Activity: From the data that follows, copy every line with the string "Print".

Raw data:
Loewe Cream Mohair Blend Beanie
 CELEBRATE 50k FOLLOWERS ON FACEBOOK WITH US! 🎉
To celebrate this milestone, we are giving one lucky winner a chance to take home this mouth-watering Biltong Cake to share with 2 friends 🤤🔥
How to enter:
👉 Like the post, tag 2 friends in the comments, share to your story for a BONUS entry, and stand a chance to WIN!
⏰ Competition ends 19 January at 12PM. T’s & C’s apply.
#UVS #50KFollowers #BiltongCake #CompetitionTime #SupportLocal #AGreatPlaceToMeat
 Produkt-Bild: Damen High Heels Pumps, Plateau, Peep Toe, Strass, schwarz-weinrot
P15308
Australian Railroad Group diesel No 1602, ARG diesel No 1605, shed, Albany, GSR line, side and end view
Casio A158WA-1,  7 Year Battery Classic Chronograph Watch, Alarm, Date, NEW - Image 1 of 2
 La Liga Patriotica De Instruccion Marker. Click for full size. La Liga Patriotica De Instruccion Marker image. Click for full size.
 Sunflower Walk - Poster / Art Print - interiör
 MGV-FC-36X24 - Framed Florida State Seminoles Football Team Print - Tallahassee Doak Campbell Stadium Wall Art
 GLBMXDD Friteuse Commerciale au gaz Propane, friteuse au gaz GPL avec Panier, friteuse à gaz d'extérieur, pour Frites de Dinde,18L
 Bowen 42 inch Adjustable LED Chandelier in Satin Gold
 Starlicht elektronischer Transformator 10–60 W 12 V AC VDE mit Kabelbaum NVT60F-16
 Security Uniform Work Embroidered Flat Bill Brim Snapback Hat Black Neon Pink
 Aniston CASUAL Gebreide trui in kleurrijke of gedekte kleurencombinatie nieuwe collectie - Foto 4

Exercise solution:
 Sunflower Walk - Poster / Art Print - interiör
 MGV-FC-36X24 - Framed Florida State Seminoles Football Team Print - Tallahassee Doak Campbell Stadium Wall Art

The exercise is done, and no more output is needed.